■ Task goal
For the listing below, return the line containing "T'way Air Airbus", the line containing "Cho thuê dù", and all lines in between, exactly as written and nothing else.

........

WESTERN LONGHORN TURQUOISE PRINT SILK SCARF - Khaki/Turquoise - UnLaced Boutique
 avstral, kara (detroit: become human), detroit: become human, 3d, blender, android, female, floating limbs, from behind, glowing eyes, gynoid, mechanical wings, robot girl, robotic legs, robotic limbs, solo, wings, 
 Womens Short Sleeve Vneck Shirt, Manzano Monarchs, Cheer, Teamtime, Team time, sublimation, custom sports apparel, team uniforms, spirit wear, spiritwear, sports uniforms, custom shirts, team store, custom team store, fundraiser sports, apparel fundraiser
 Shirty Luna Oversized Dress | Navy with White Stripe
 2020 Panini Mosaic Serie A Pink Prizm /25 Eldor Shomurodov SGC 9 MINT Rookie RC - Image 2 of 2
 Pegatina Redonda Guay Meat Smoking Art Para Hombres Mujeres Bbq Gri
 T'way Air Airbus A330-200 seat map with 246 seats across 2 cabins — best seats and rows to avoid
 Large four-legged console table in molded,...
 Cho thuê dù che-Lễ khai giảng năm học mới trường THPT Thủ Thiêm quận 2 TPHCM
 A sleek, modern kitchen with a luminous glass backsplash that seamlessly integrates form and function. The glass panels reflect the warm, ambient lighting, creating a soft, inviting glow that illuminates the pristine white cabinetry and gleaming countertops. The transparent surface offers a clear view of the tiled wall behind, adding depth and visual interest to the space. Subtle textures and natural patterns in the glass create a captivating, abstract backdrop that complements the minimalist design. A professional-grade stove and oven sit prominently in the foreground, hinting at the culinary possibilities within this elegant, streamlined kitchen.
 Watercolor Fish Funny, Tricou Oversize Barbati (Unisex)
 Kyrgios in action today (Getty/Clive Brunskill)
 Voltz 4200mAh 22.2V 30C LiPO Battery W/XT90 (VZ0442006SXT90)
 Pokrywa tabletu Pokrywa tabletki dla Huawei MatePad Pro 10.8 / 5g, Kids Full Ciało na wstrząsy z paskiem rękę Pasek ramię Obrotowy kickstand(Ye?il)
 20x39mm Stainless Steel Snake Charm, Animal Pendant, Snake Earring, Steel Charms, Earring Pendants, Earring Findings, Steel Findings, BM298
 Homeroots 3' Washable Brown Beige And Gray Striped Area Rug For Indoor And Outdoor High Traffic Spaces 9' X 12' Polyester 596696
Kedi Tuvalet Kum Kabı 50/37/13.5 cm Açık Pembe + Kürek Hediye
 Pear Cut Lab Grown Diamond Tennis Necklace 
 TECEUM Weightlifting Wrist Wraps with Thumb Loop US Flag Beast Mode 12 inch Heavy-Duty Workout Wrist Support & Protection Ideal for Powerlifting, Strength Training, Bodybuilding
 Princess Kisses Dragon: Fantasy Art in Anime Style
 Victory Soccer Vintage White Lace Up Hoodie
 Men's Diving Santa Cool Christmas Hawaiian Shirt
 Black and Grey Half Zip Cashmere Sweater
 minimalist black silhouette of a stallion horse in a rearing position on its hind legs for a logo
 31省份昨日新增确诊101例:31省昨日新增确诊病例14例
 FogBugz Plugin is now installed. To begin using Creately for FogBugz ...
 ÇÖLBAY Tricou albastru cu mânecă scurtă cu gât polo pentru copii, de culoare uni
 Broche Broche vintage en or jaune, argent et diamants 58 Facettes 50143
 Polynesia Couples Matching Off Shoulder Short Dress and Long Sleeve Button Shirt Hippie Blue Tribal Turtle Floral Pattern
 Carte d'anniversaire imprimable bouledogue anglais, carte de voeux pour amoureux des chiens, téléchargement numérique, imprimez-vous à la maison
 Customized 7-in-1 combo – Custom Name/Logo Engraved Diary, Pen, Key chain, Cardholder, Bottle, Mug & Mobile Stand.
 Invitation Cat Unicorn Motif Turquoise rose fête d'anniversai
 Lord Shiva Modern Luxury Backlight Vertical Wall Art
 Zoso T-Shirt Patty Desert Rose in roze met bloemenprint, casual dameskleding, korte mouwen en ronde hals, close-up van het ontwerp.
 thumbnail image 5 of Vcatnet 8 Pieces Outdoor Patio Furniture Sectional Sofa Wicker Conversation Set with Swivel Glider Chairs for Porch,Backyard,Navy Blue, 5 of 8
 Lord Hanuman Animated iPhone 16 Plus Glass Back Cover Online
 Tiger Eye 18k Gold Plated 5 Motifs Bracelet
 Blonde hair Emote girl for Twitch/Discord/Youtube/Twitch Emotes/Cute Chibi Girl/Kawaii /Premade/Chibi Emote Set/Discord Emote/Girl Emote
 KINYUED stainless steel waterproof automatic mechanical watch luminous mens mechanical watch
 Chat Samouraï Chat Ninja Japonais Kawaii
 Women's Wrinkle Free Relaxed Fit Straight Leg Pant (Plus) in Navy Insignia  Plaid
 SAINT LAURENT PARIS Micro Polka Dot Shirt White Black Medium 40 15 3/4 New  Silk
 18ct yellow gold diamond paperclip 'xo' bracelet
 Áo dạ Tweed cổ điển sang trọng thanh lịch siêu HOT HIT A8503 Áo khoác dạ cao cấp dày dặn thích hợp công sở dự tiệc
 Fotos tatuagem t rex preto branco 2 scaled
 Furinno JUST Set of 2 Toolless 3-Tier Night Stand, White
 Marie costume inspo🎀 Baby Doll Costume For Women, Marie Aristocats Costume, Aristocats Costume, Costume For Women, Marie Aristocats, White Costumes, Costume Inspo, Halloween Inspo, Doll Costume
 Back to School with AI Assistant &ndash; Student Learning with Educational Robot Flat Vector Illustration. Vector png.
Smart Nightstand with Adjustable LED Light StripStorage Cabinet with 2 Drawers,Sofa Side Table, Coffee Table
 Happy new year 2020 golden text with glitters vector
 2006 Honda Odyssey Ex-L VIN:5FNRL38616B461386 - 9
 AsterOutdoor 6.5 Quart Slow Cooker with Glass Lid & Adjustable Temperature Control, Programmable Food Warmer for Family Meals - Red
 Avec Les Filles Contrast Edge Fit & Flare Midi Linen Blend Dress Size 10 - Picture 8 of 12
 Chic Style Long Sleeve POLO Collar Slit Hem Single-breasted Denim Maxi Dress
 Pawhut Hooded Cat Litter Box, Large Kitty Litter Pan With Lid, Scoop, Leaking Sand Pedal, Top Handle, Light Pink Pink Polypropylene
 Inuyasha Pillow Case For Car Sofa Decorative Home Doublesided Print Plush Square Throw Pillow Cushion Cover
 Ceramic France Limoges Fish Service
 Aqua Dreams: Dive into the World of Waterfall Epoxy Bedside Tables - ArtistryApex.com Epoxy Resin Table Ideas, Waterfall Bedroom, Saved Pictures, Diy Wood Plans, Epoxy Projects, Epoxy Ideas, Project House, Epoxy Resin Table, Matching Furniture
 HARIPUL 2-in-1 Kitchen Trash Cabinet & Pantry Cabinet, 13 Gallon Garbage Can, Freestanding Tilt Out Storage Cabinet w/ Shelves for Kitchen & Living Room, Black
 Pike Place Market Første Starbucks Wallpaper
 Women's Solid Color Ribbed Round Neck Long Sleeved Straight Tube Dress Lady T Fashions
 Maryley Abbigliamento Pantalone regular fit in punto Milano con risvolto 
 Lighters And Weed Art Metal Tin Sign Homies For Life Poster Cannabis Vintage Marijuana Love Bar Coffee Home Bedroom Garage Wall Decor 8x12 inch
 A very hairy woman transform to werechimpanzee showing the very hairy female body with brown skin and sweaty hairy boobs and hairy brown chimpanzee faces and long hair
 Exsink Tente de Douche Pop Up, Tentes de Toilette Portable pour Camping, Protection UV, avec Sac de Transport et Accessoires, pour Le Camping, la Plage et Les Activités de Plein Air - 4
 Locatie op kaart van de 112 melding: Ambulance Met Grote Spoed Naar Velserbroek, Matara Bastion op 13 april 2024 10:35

........

■ Result
 T'way Air Airbus A330-200 seat map with 246 seats across 2 cabins — best seats and rows to avoid
 Large four-legged console table in molded,...
 Cho thuê dù che-Lễ khai giảng năm học mới trường THPT Thủ Thiêm quận 2 TPHCM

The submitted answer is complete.